There are no known side effects.
This fruit (also referred as muskmelon) is part of the gourd family, same with other melon types. It is thought to have originated either from ancient Africa or Persia or India, and, in the present day, it is one of the most popular forms of melon in the US (widely grown in California).
This melon grows on the ground surface as a trailing vine. It is light yellow to orange in color, occasionally with a deeper salmon hue.
It provides a remarkable source of vitamin C, vitamin K, thiamin, vitamin A (in the form of carotenoids), potassium, niacin, vitamin B6, folate, copper, manganese, selenium, vitamin K, phosphorus, pantothenic acid, magnesium, and dietary fiber. Its water content is close to 90 percent. This is quite welcomed since staying hydrated helps support your daily functions.
Scientists have measured the carotenoid content of this melon and concluded that it is approximately 30 times higher than the beta-carotene content of oranges.
Beta-carotene is a potent antioxidant which, once eaten, it either acts as an effective antioxidant to help neutralize free radical damage or it is converted into vitamin A. This vitamin is also essential for healthy vision and for maintaining healthy skin and mucosa.

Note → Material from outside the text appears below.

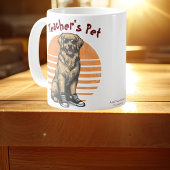  Funny Teacher's Pet Orange/ Retriever Personalize コーヒーマグカップ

Reduces Your Risk Of Cancer
The increased intake of carotenoids from vegetables and fruits can notably reduce a sufferer’s risk for the development of cardiovascular diseases, according to Linus Pauling Institute.
The high content of vitamin C boosts the production of collagen, therefore, it is essential for your skin’s health.
Potassium in this fruit prevents the hardening of arteries (a life-threatening condition, also referred as arteriosclerosis), regulates the human body’s water balance, and helps to transport oxygen to the heart.
In addition, research shows that a regular diet high in potassium reduces the risk of age-related bone loss and helps keep salt (sodium) from raising blood pressure.
The number of patients with asthma continues to grow worldwide and the United States. For instance, 1 in 12 people (approximately 25 million people in the US) have asthma. Vitamin C and beta-carotene, found in high levels in this melon, have both been strongly associated with reducing the risk of developing asthma.
There are no known side effects.
Tips – be sure to consume it as soon as it’s ripe because this fruit continues to ripen off the vine. Additionally, while this fruit will become juicer and softer with time, the sugar content will not considerably increase following its harvest.
The storage life of this fruit is usually around two weeks within the optimal range of 2.2 ° to 5.0 °C.
Bottom Line – Honeydew vs Cantaloupe – Which Has A Better Nutritional Profile?
Both fruits have a great nutritional profile, however, cantaloupe wins this contest due to a higher content of vitamin A (in the form of beta-carotene), vitamin C, dietary fiber, and magnesium.